El resultado final no ha podido ser más satisfactorio. Tom Hopper ha logrado lo imposible, y eso ha sido poner de acuerdo a todo el mundo, a todo tipo de espectadores, a los amantes de los musicales y a sus detractores, a los forofos del musical original, a la crítica nacional e internacional...
"Los miserables" es lo que todos esperabamos: una obra maestra llena de excesos, de buenas canciones, con un ritmo endiablado y unas interpretaciones de diez.
Porque es en el reparto donde recae el mayor peso de la película. Aunque Russell Crowe está mas que correcto, son Hugh Jackman y Anne Hathaway los que se comen sus escenas a bocados.
La segunda tan solo aparece en el film unos veinte minutos aproximadamente, pero son suficientes para afirmar con entusiasmo y rotundidad que gracias a esta película se ha consagrado la estrella hollywoodiense. Nunca una canción habia sido cantada en pantalla con tantísima fuerza y garra como el "I dreamed a dream" que aquí nos ocupa, capaz de remover hasta los sentimientos más profundos de la audiencia.
Y si ya nos ponemos a hablar de Jackman, entonces señoras y señores tengo que quitarme el sombrero y aseguraros que lo de este actor es harina de otro costal. El australiano, que aparece en el metraje casi constantemente durante las más de dos horas y media que dura la película, es capaz de aguantar el tipo, cantar, brincar, pelearse, reír y emocionarse sin despeinarse. El globo de oro debe ser suyo sin ninguna duda.

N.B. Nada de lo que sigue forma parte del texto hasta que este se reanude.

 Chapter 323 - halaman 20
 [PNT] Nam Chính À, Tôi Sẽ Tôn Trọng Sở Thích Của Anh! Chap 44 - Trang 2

Algunos han criticado la forma en que "Los miserables" está rodada. Yo no he visto ningún problema a esto. Muchos primeros planos, sí, pero totalmente justificados. Cada director tiene su forma de captar la esencia de sus actores, y aquí se saca el máximo provecho de sus interpretaciones con el uso del primer plano en multitud de ocasiones. No veo ningún problema en ello.

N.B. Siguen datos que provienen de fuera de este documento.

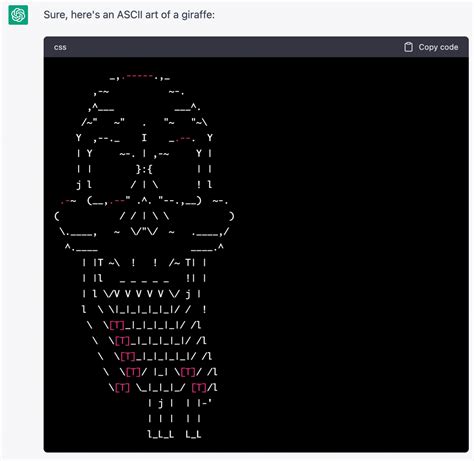 ascii Tumblr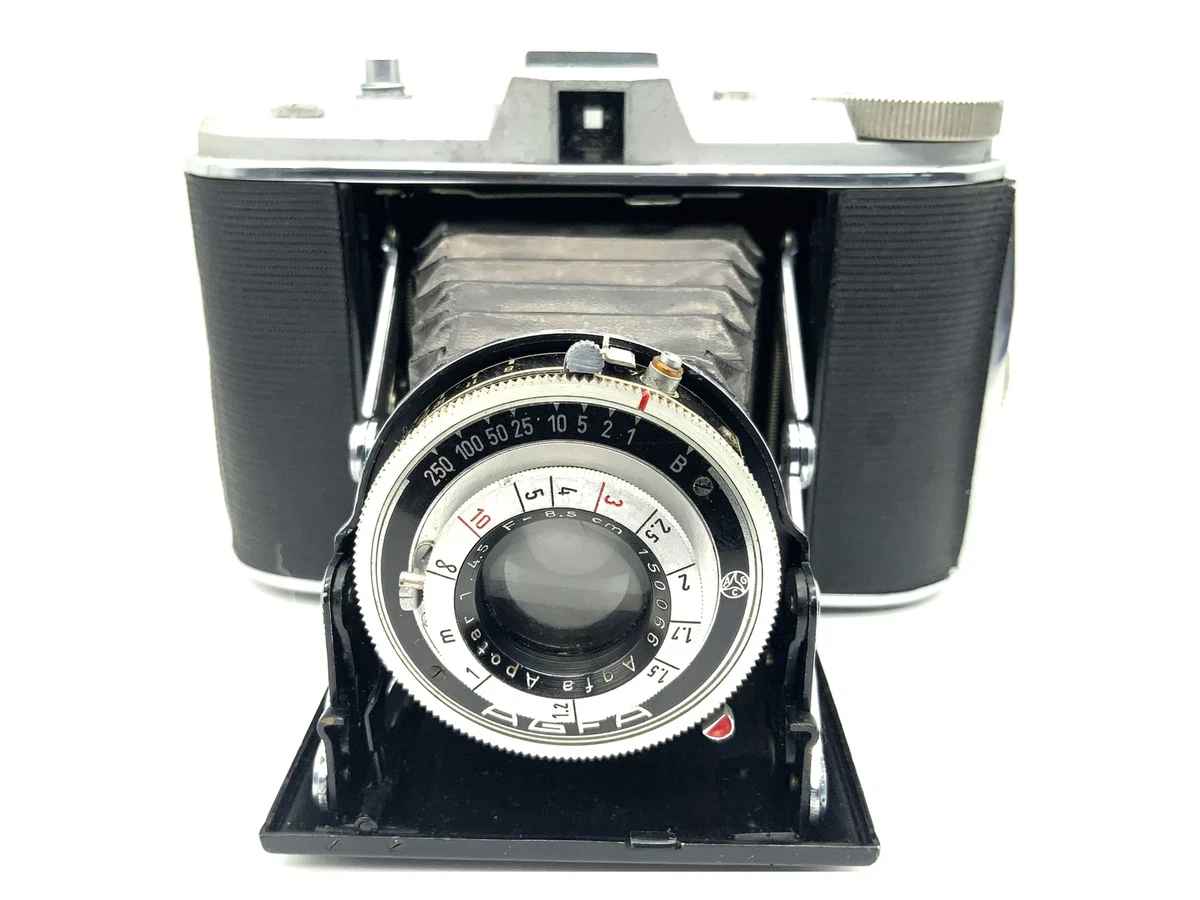 Agfa Isolette Cameras for sale | eBay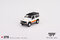 Land Rover Defender 90 Wagon White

Sin embargo, si hay algo que no me termina aquí de cuajar es el papel de Amanda Seyfried como Cosette. Sí, la chica canta muy bien y todo lo que queráis, pero como actriz a mí me deja mucho que desear.
Lo contrario ha ocurrido con Samantha Barks, la sorpresa de la película. La actriz que ya dio vida a Éponine en el musical original, vuelve a ponerse en la piel de la sufrida enamorada de Marius. No sé como sería en el musical original ya que no he tenido el gusto de verlo, pero en la película la joven actriz da lo mejor de sí misma y consigue convertirse en la revelación del pasado año.

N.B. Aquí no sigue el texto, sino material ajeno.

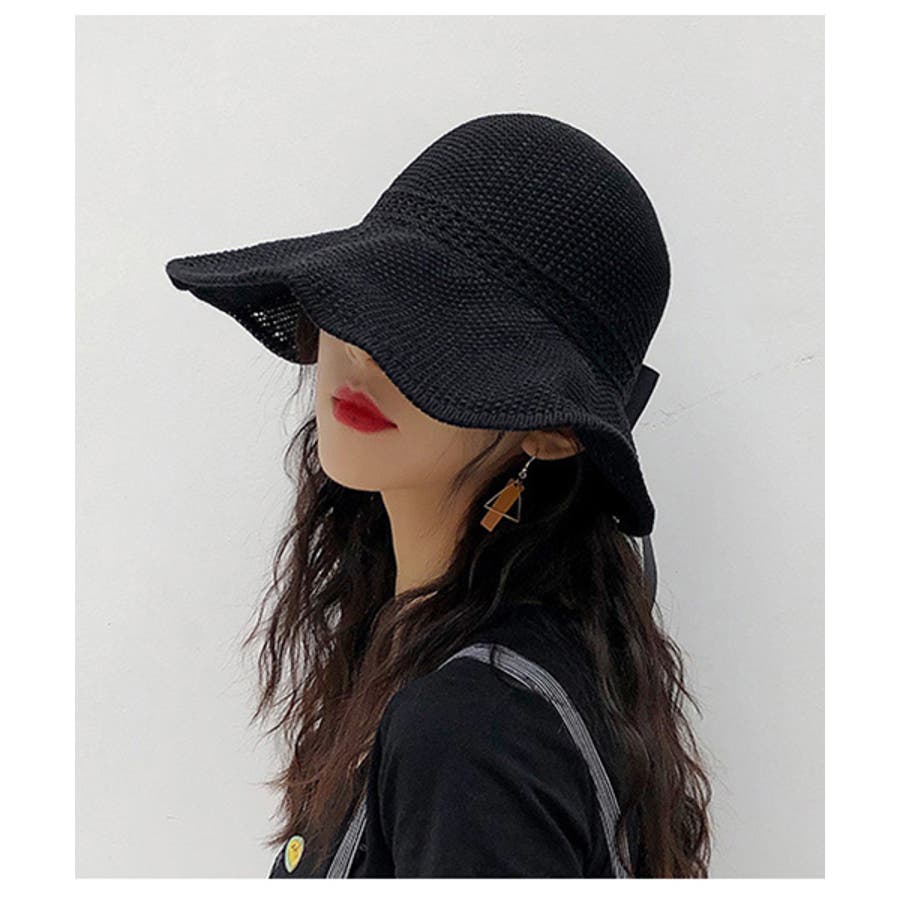 ワイドブリムサンバイザー レディース ファッション 品番 Msdl Maison De Latir メゾン のレディースファッション 通販 Shoplist ショップリスト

Del argumento poco queda contar: Jean Valjean es un fugitivo perseguido por un oficial de policía durante años, que decide cambiar de identidad y quedarse a cargo de la hija de una mujer que conoció tiempo atrás. La historia avanza mostrando la evolución de los personajes y las miserias de la Francia de la época, las revoluciones de sus ciudadanos en su lucha por la igualdad, así como las idas y venidas en las vidas de sus protagonistas que luchan, aman, ríen y lloran en una historia de superación personal capaz de conmover hasta al menos sensible.
Eso es lo que hace a "Los miserables" algo grande: la historia. Y a pesar de ser la mayor parte de la película cantada (diálogos incluidos) no se hace para nada pesada ya que, como digo, lo que la película tiene que contar es tan magnífico, que te atrapa desde el minuto uno haciéndose dueña de tus sentimientos y sin soltarlos hasta su apoteósico final. Formidable e imprescindible.